It's almost a self fulfilling prophecy, Nissan treat a lot of their GT-R customers the same as Micra buyers and wonder why we choose to get specialist service elsewhere.

If the warranty repairs were done without question and the services received by NHPCs were priced competitively with a smile and a decent loan car we'd remain loyal.

Nissan only have themselves to blame on the lack of loyalty IMO.


----------



## tinimark (Dec 3, 2012)

b4l81 said:


> as i have found out the paint warranty is useless!!
> 
> I have a MY11 have the same issues, and was rejected as I am not loyal to Nissan having the majority of the servicing from Litchfields - what servicing has to do with paint work I don't know. Trying to get any sense out of the directors office is like talking to a brick wall! Absolute waste of time ! went on for months and got nothing!


I've only had one service with an NHPC and the rest have been done at ACSpeedtech because Andy know's what he's doing. 

I had warranty work (steering lock and bell housing) done at NHPC. I found there to be nuts missing when I took the dash apart and the bolts that hold the downpipes to the turbos had possibly been over tightened.

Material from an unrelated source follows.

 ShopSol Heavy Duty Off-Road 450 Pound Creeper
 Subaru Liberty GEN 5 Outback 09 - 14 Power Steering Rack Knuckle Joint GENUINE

I can't see how they can reject a warranty claim for paintwork on the basis you have not used a well known independent to service your car.....that's ridiculous!


----------



## Tha' MoNeyMaN (Mar 1, 2003)

*Same Issue*

I have a MY10 GTR35 and had paint bubbles appearingabove the wing mirrors on both sides of the car under the rubber right on the door edge. I called and left a message with Middlehurst and no one go back to me. Given the colour of the car I had head that blending the metallic is an issue I didn't want to risk getting it painted under warranty badly so I took the decision to have both sides of the car painted professionally. An expensive alternative but it has to be perfect and thankfully it is now...!


----------



## dzuser (Mar 19, 2012)

tinimark said:


> I'm about 97% sure it's 12 years, think I read it in the manual. At least with MY10.

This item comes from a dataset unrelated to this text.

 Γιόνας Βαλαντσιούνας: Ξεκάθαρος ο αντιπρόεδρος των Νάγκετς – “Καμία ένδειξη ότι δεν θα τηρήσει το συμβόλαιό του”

Well I have a 2010 and now have bubbling on both doors (one side under the wing mirror and the other on the edge of the door); I'm currently trying to get it inspected by an NHPC. However I've just checked the warranty booklet, and it states the paintwork warranty is only 3 years! however the Corrosion Warranty is 12 Years (corrosion from inside to outside).

While the damage visible due to bubbling on the paintwork, do you think it'll be covered via the corrosion warranty (inside to outside)? as I'm assuming the issue is likely due to moisture getting underneath the paintwork.


----------



## tinimark (Dec 3, 2012)

The paint is bubbling because moisture and/or air has got in and reacted with the aluminium causing it to corrode. There are many different types of chemical corrosion of aluminium but when it comes down to it...it is corrosion in the classical sense of the word and therefore should be covered by an anti corrosion warranty. 

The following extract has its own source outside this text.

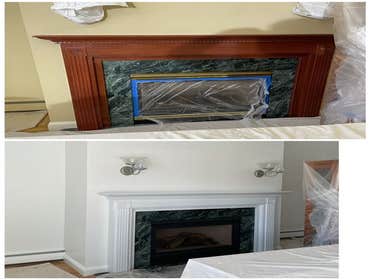 Photos by Master Wall Painting Inc #10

I've not read the warranty in detail so not sure what caveats may apply if you decide to service the car outside of Nissan.

You could try contacting the Nissan garage that originally sold the car first. That's what I did and there never any dispute in getting the work paid for by Nissan.

I don't know how they can refuse a claim for one person and agree it for someone else when the damage and the circumstances are the same and it's starting to look like a "common fault".


----------



## guyblue10 (May 30, 2008)

Would anyone care to share with me the name of the NHPC which has approved a paint bubbling warranty repair on an older car (09-10) in the last few months please? (PM if you prefer), ideally with the details of who processed their claim.

I'm struggling a little....

Thanks


----------



## Danny Danger (Jan 24, 2014)

guyblue10 said:


> Would anyone care to share with me the name of the NHPC which has approved a paint bubbling warranty repair on an older car (09-10) in the last few months please? (PM if you prefer), ideally with the details of who processed their claim.
> 
> I'm struggling a little....
> 
> Thanks


What are you struggling with?


----------



## guyblue10 (May 30, 2008)

Good question. Perhaps I should have made that clear....

Well I tried Middlehurst first, several months ago who took some pictures and apparently sent them off to Nissan but I never heard any more. Then I saw this thread http://www.gtr.co.uk/forum/352233-middlehurst-nissan-what-joke.html and thought I'd try somewhere else.

I've tried somewhere else and they took some pictures, then lied about sending them off to Nissan, which they never did. Now after chasing several times my pictures seem to be with their chap who "does warranty claims" who works part time, is based at another branch and I believe has decided not to even send them to Nissan because "paint perforation warranty is 3 years".

So I just wondered if anyone can suggest anywhere else - Ideally within striking distance of Heathrow - that is honest, familiar with the paint problems on the GTR, understands their internal claim process and has a decent bodyshop.

Thanks in advance


----------